When you process a text with the `nlp` object, spaCy creates a `Doc` object – short for "document". The `Doc` lets you access information about the text in a structured way, and no information is lost.

The `Doc` behaves like a normal Python __sequence__ by the way and lets you iterate over its tokens, or get a token by its index.
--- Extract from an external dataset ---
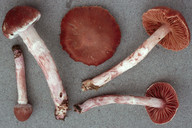 Cortinarius evernius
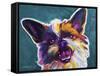 Brussels Griffon - Spicey-Dawgart-Framed Stretched Canvas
But more on that later!


In [None]:
# create Doc object from a string
doc = nlp("Hello world!")

# iterate over tokens in a Doc
for token in doc:
  print(token.text)

print("\n-----")


In [None]:
# index into the Doc to get a single Token
token = doc[1]

# get the token text via .text attribute
print(token.text)

# a slice from the Doc is a Span object
span = doc[1:3]
print(span.text)

### lexical attributes

they refer to the entry in the vocabulary and don't depend on the token's context.



In [None]:
doc = nlp("It costs $5.")

# the i is the index of the token within the parent document.
print("Index:   ", [token.i for token in doc])

# text returns the token text
print("Text:    ", [token.text for token in doc])

# is_alpha indicates whether the token consists of alphabetic characters
print("is_alpha:", [token.is_alpha for token in doc])

# is_alpha indicates whether the token includes punctuation
print("is_punct:", [token.is_punct for token in doc])

# like_num whether it resembles a number
print("like_num:", [token.like_num for token in doc])

# Statistical models

Statistical models enable spaCy to make predictions in context. This usually includes part-of speech tags, syntactic dependencies and named entities.

Models are trained on large datasets of labeled example texts.

Meaning of POS tags: https://www.ling.upenn.edu/courses/Fall_2003/ling001/penn_treebank_pos.html


In [None]:
# download model packages

#%%python -m spacy download en_core_web_sm

import spacy

# load a model package by name
nlp = spacy.load("en_core_web_sm")

# process a text
doc = nlp("She ate the pizza")

# print out each token and the predicted part-of-speec tag
for token in doc:
  print(token.text, token.pos_)

In addition to the part-of-speech tags, we can also predict how the words are related. For example, whether a word is the subject of the sentence or an object.

The `.dep_` attribute returns the predicted dependency label.

The `.head` attribute returns the syntactic head token. You can also think of it as the parent token this word is attached to.


In [None]:
for token in doc:
  print(token.text, token.pos_, token.dep_, token.head.text)


#### Predicting name entities

**Named entities** are "real world objects" that are assigned a name – for example, a person, an organization or a country.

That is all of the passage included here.